Everyone in the ad tech industry is wildly looking for a way to replace third party cookies. Advertisers want proof, and publishers want attribution. We’ve grown dependent on data, which was easily available through third party cookies until consumers became disenchanted with the digital experience. That forced the industry to acknowledge privacy concerns. Browser makers slowly added built-in privacy options until third party cookies are all but dead.
But any proposed replacement solution will depend on adoption by enough industry players to become a “standard.” That’s why standards are usually developed by industry association working groups. The Trade Desk has decided to shortcut the industry working group process by building out a second iteration of Unified ID, its open-source sign-on solution for the open web. By making the second iteration open-source, TTD hopes to encourage industry cooperation and adoption, but speed up the process.
How will it work?
One caveat: Unified ID 2.0 will only work if enough publishers sign up. In the past, unified identity systems have not worked particularly well, since they were often seen as the property of the company that developed them. That’s the reason for open sourcing Unified ID 2.0.

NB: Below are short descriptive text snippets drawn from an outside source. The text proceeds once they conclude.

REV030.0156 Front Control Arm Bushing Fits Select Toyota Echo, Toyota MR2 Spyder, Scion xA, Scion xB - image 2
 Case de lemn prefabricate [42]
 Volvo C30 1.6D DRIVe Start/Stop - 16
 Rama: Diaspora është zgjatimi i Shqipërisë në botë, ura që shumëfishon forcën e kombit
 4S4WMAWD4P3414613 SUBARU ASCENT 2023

Under the current specifications, when a person visits a web page, they’ll be asked to provide their email address for the purpose of identification across the network of publishers that have adopted Unified ID 2.0.
That email then creates an ID that isn’t passed along the bidstream. Instead, an encrypted ID is transmitted. It will be up to the publishers to explain the value-for-value exchange of the ad-supported internet — your email address in exchange for free content. But at least your email address will be encrypted, i.e. protected.

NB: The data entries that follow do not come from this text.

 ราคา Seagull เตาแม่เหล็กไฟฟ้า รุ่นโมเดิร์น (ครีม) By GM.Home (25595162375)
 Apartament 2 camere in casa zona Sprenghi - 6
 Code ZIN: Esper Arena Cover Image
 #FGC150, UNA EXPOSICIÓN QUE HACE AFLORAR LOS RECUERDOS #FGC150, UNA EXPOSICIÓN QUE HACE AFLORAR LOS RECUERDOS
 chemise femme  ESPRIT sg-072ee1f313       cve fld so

Unified ID 2.0 will then rely on encrypted email addresses from those consumers who opt-in. Rather than go off in a new direction, it will follow the principles already laid out in IAB’s Project Rearc, an initiative to re-architect the digital web for the betterment of consumers without destroying the digital advertising ecosystem.
Principles of Project Rearc
- Consumers are in control of the use of the ID and any related data. Any privacy preferences attached to the identifier are strictly followed.

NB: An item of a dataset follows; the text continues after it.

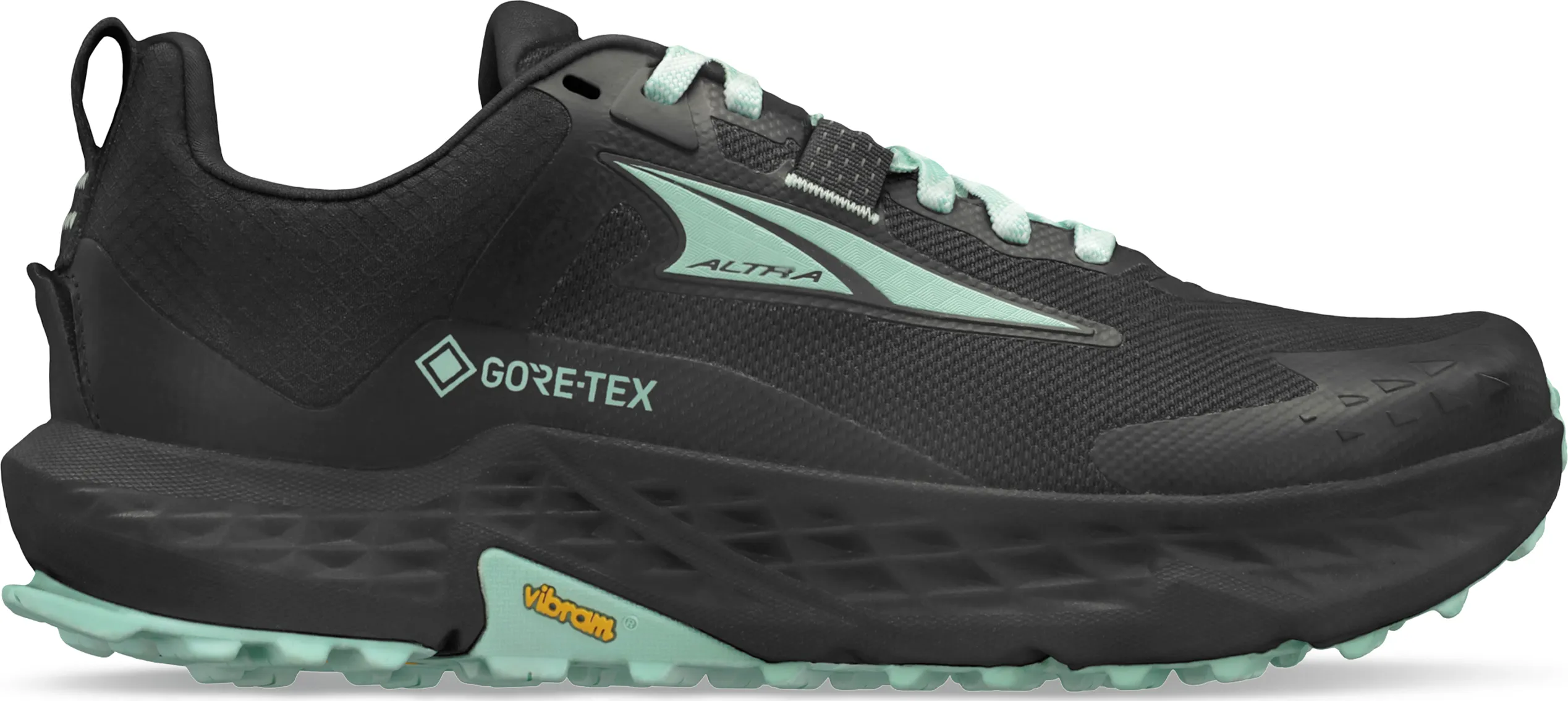 Altra Women's Timp 5 GORE-TEX Black | Buy Altra Women's Timp 5 GORE-TEX Black here | Outnorth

- The identifier is sufficiently encrypted so that it cannot be reverse-engineered to identify the person.
- Brands and publishers have auditable, technical assurances that third-party vendors cannot track consumers on this basis without explicit consent.
- Third-party vendors are able to execute on behalf of trusted first parties, without compromising any of the above objectives.
This is being run by IAB Tech Lab, which “also proposes the need for standardized consumer-facing messaging, and accountability mechanisms that ascertain responsible privacy practices.”
By putting its proposed solution out there before any others, Dave Pickles, co-founder, and CTO of The Trade Desk, hopes that the industry can get a good start on adoption before third party cookies and IDFAs go away altogether. He says that for the consumer, this cooperative identity system means not having to log in to every visited website.
For publishers, anything that replaces third-party cookies would have to preserve the value of their existing first-party data. While TTD is in discussions with some publishers already, it remains to be seen whether making this solution open-source and non-Trade Desk centric removes obstacles to adoption.